Okowa gave assurance that the university would wear a new look by December 2022, when the projects would have been completed.
“When people in Lagos and Abuja say that they are not seeing what we are doing, it is either that they don’t come home or that they just want to be wicked in their ways.
“There is a lot going on in our three new universities and we are proud that we took this decision because the new universities have admitted no fewer than 5,000 students within one year of their approval.
“We have also commenced the construction of two hostel projects in the university to accommodate students and it will be useful to us during the National Sports Festival holding in Asaba in November,” he said.
On the N25 billion loan for oil palm farmers in the state, Okowa said that it was not a direct loan to the state government, adding that the government was only act as guarantor to the farmers.
“It is not a direct loan to the state government; it’s unfortunate what critics are saying because they need to be informed and if they had listened at the House of Assembly when it was brought before the lawmakers, the letter was very explicit.
“We have an economic team and when we are satisfied with a plan, we go through the State Executive Council and then to the House of Assembly for approval.
“We are only like a guarantor to the farmers, the oil palm farmers in the state.

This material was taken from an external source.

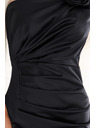 numoco AURORA Long satin one-shoulder dress with roses - Black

The loan is to the farmers but the state is acting as a guarantor to them.
“In Akwa-Ibom and Edo States, they have borrowed far more than what our people are asking for.
“This particular loan is from the Central Bank of Nigeria (CBN) to the oil palm farmers association in Delta State for the development of about 17,700 hectares of oil palm.
“It’s going to be monitored but somebody needed to guarantee it for them and that is just what we have done,” Okowa said.
On pensions, Okowa said that only eight states were currently running the Contributory Pension Scheme in the country as 16 states had exited.
He said that the state government inherited a huge backlog of past services as a result of the pension scheme but was doing a lot to defray it.
“When we came into government in 2015, we were owing about N100 billion as past services or accrual services.
“We were able to investigate the sum and it eventually came down to about N88 billion and since then we have been paying N500 million monthly and we have paid over N36 billion over time.
“We have also made a provision of N20 billion from the proposed bridging finance to see what we can pay down for the past services,” he said.
On politics of 2023, the governor said that he would not leave any work undone and encouraged Nigerian youths to embrace the PDP, adding that Nigerians would gain from the success story of the Atiku-Okowa ticket.
“Here in Delta we have focused a lot on our youths and women because they are very important in this nation,” he said.